§ **Task objective**
Restate the records in full, so that each line matches the original exactly.
BEGIN Source material
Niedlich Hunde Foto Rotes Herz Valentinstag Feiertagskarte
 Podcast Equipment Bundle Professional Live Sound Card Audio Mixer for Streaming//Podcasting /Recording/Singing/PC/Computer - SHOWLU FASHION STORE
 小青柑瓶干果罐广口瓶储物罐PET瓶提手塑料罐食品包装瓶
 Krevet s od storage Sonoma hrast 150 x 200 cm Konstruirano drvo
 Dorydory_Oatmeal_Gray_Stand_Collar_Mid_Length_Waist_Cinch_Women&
END Source material
§ **Response**
Niedlich Hunde Foto Rotes Herz Valentinstag Feiertagskarte
 Podcast Equipment Bundle Professional Live Sound Card Audio Mixer for Streaming//Podcasting /Recording/Singing/PC/Computer - SHOWLU FASHION STORE
 小青柑瓶干果罐广口瓶储物罐PET瓶提手塑料罐食品包装瓶
 Krevet s od storage Sonoma hrast 150 x 200 cm Konstruirano drvo
 Dorydory_Oatmeal_Gray_Stand_Collar_Mid_Length_Waist_Cinch_Women&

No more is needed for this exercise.